Faktor-faktor yang bisa meningkatkan risiko terkena gagal ginjal termasuk
kebiasaan konsumsi makanan dan minuman kemasan yang tinggi gula. Dokter
spesialis anak di RS Cipto Mangunkusumo (RSCM), dr. Eka Laksmi Hidayati,
dilansir dari CNN Indonesia (26/07/2024) menegaskan bahwa mengatakan bahwa
pola hidup tidak sehat, seperti obesitas, dapat beresiko menurunkan fungsi ginjal.

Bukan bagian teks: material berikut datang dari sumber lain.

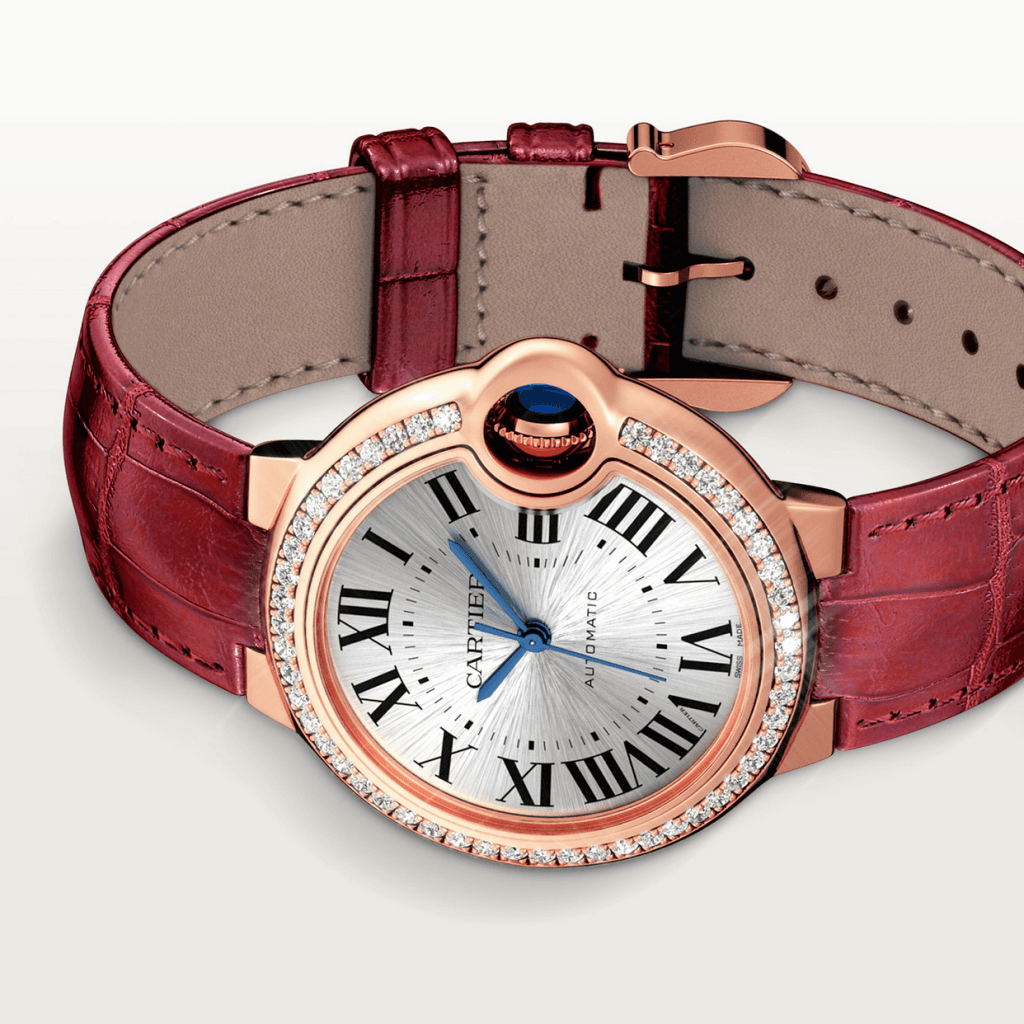 Cartier Ballon Bleu De Cartier 33mm - WJBB0033 - #3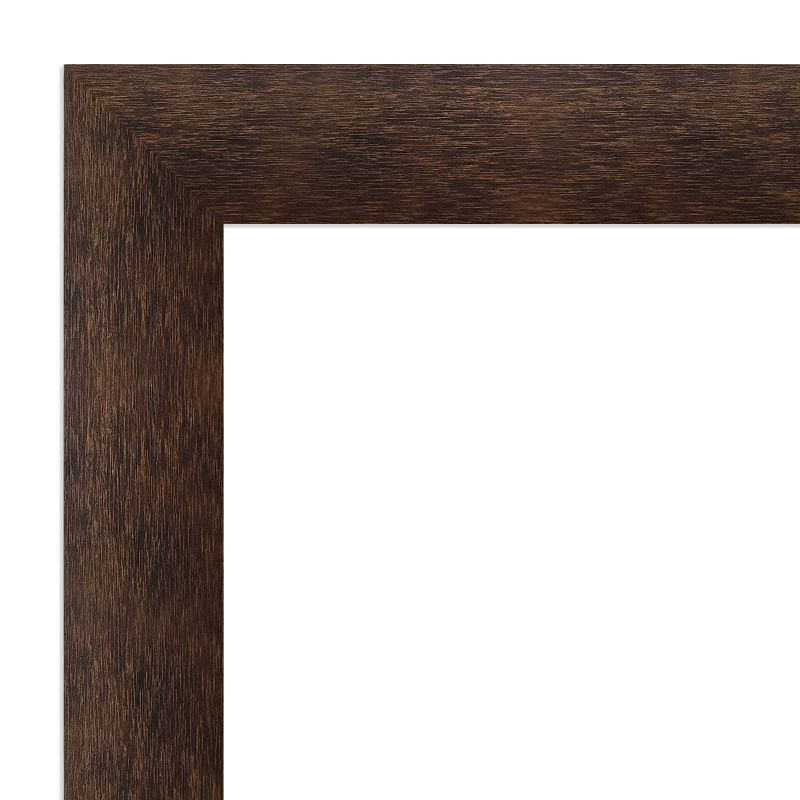 Amanti Art Warm Walnut Wood Picture Frame, 2 of 11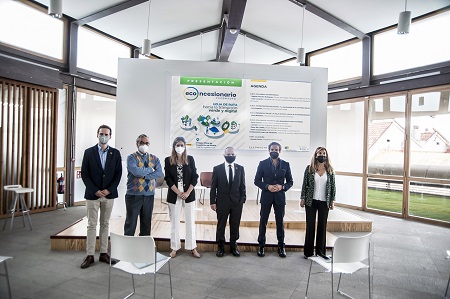 Faconauto presenta el concepto 'Econcesionario'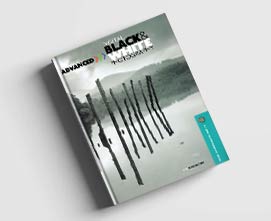 کتاب عکاسی سیاه و سفید دیجیتال پیشرفته - جان بیردزورث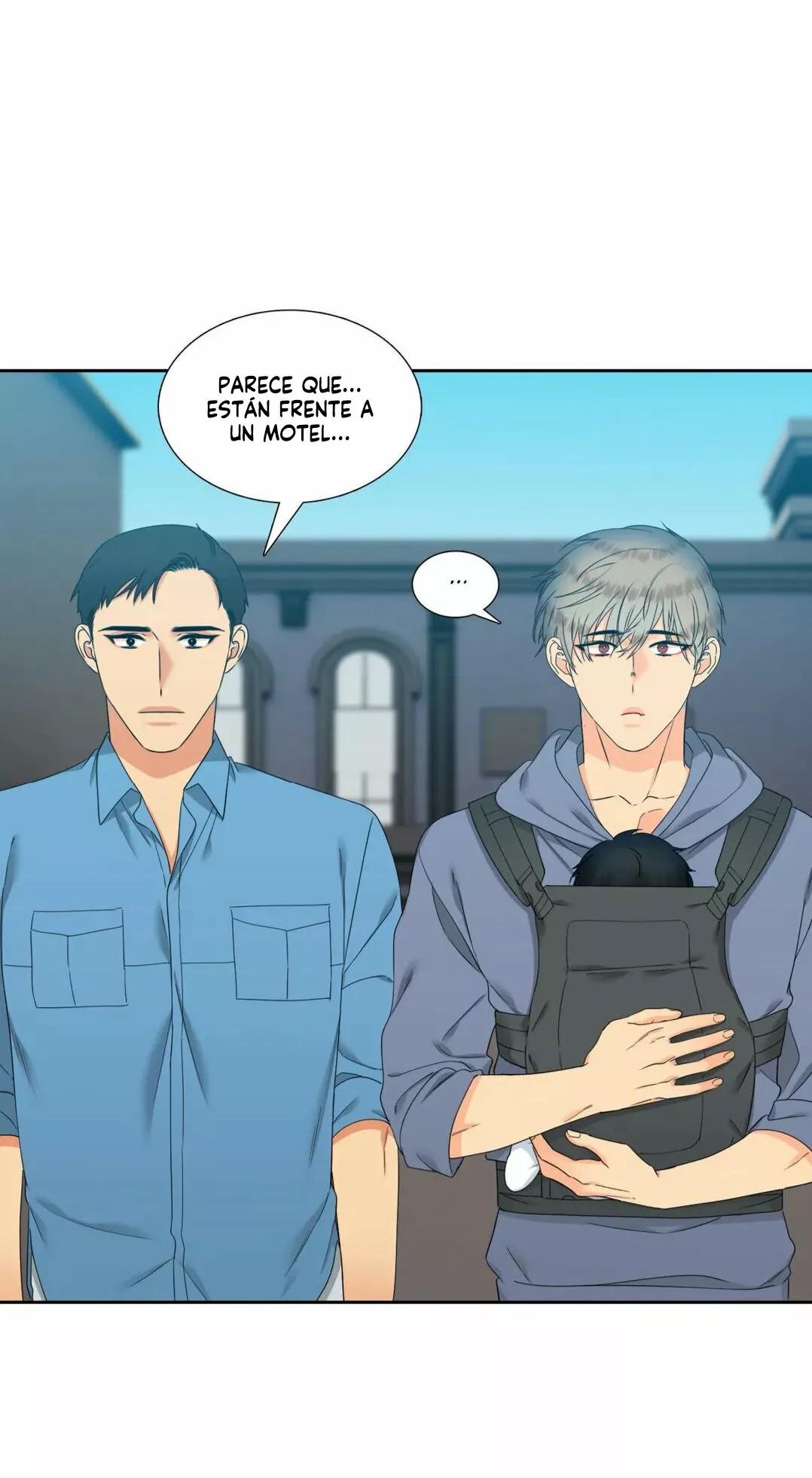 El villano quiere ser rescatado - Capítulo 53 3 manhwa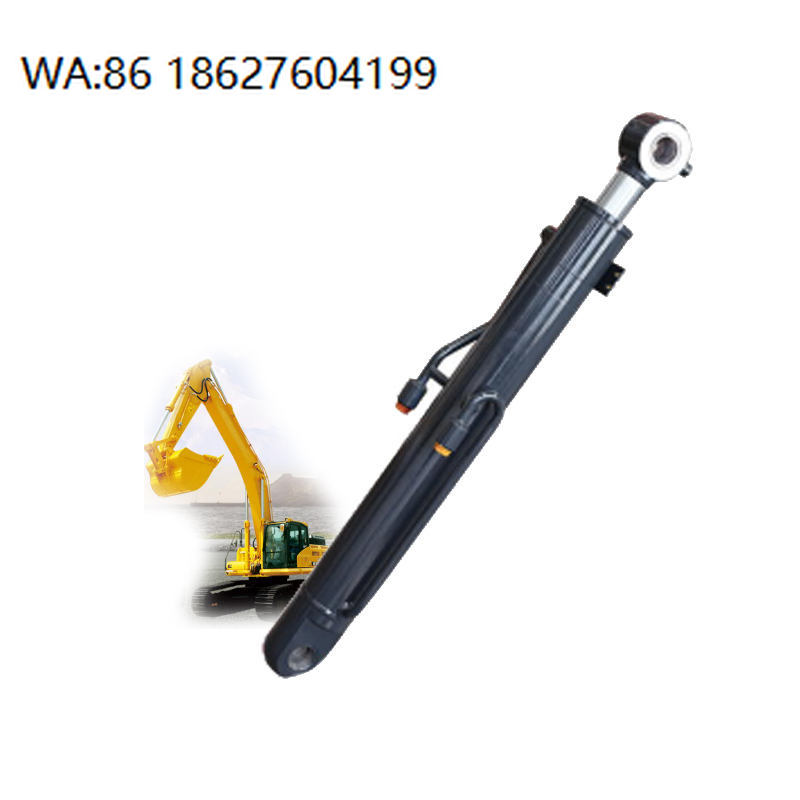 กระบอกสูบโครเมียมแบบ Outrigger - Heavy Equipment Construction บทวิจารณ์และราคา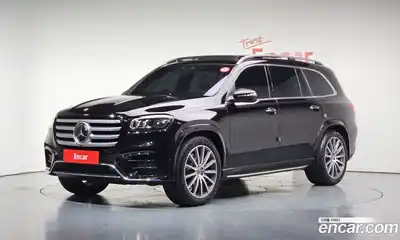 Mercedes-Benz GLS-Class 2024 3.0 Автомат в Москве № 194604, миниатюра 5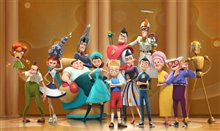 Meet the Robinsons in Disney Digital 3D - Photo Gallery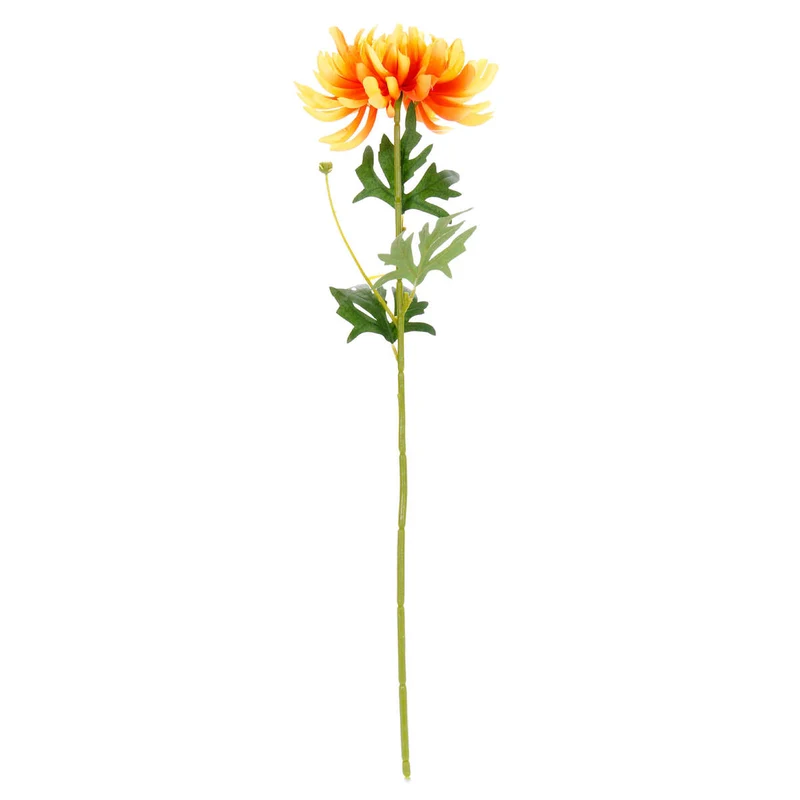 Art.5766 Flor Fina Crisantemo 65cm 1pz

Konsumsi makanan dan minuman tinggi gula dan garam tidak langsung
menyebabkan masalah, tetapi jika terjadi obesitas pada anak dan berlanjut ke usia
dewasa, risiko gagal ginjal dapat meningkat.
Kementerian Kesehatan (Kemenkes RI) menemukan bahwa lebih dari 700
ribu masyarakat Indonesia atau sekitar hampir empat persen mengalami penyakit
ginjal kroniskronis (CNBC Indonesia, 16/01/24). Dilihat dari tahun 2018, Data Riset
Kesehatan Dasar (Riskesdas) Kemenkes RI, terdapat sebanyak 739.208 orang atau
sekitar 3,8 persen masyarakat di Indonesia mengalami penyakit ginjal kronis.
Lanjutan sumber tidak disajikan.